Het vorenstaande brengt mede dat de inrichting door verweerder terecht als laagdrempelig is aangemerkt.
5.2 Aangezien appellante in strijd met de Wet twee kansspelautomaten in haar inrichting had staan, was verweerder bevoegd aan appellante een last onder dwangsom op te leggen, teneinde de verwijdering van de automaten te bewerkstelligen. Van feiten of omstandigheden op grond waarvan verweerder had moeten afzien van deze bevoegdheid gebruik te maken, is het College niet gebleken.
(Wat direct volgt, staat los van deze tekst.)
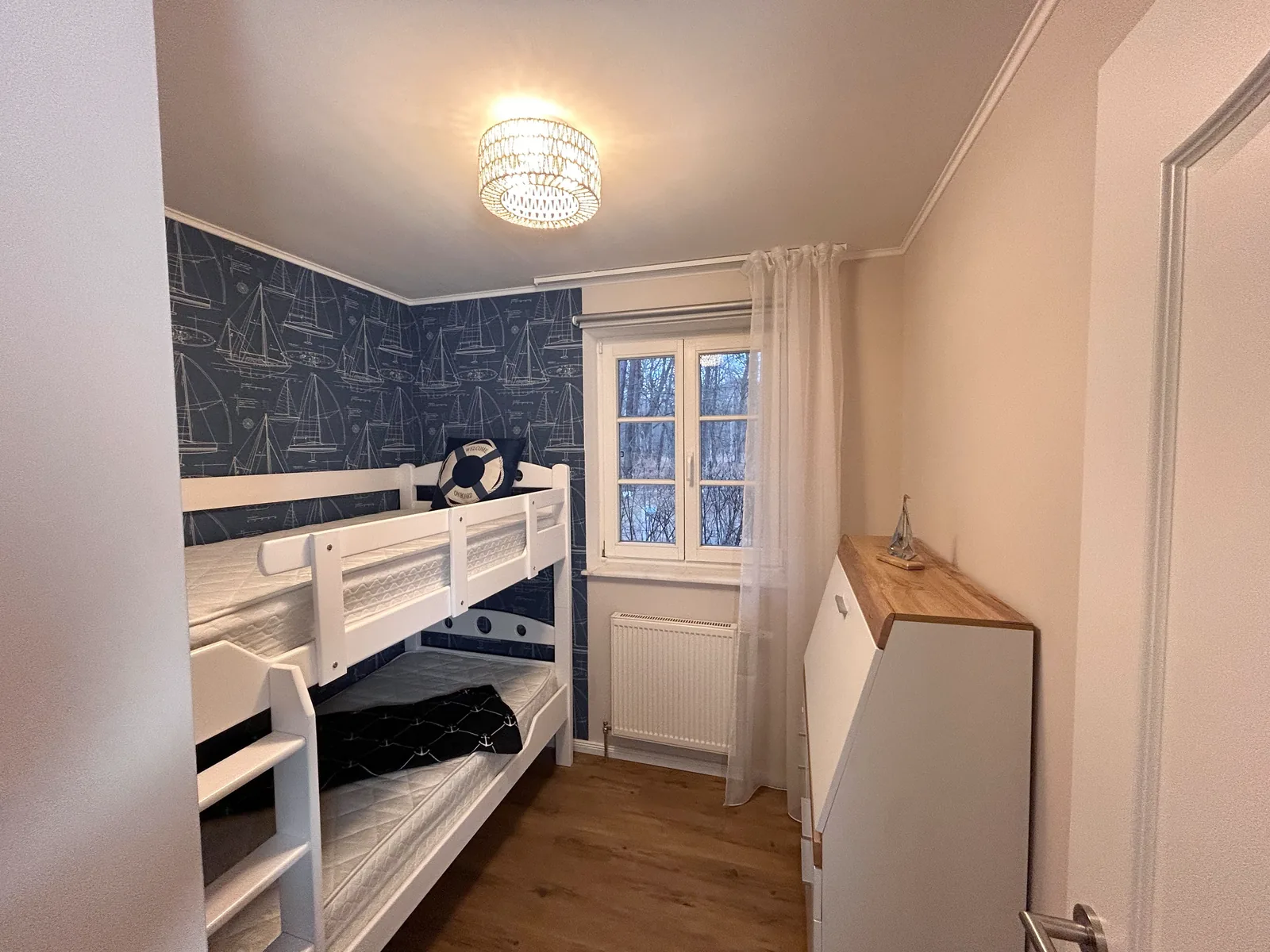 Kinderzimmer mit weißem Etagenbett und maritimer Tapete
Verweerder heeft appellante reeds bij brief van 11 februari 2004 ervan op de hoogte gesteld dat de automaten moesten worden verwijderd. Dat de aanwezigheid van twee kansspelautomaten voor appellante uit financieel oogpunt van belang is, kan er niet toe leiden dat het haar zou moeten worden toegestaan om in strijd met de Wet deze kansspelautomaten in haar inrichting aanwezig te hebben.
5.3 Het College overweegt voorts dat niet is gebleken van strijd met enige wettelijke bepaling door in het besluit waarin op de aanvraag wordt beslist, tevens een last onder dwangsom op te leggen.
5.4 Appellantes stelling dat het bestreden besluit onvoldoende is gemotiveerd omdat daarin wordt verwezen naar stukken die niet bij dat besluit zijn gevoegd, kan niet worden onderschreven. De in het bestreden besluit genoemde stukken waren appellante bekend. Ook overigens is voldoende duidelijk op welke gronden het bestreden besluit berust.
5.5 Het voorgaande leidt tot de conclusie dat het beroep ongegrond dient te worden verklaard. Het College acht geen termen aanwezig voor een proceskostenveroordeling.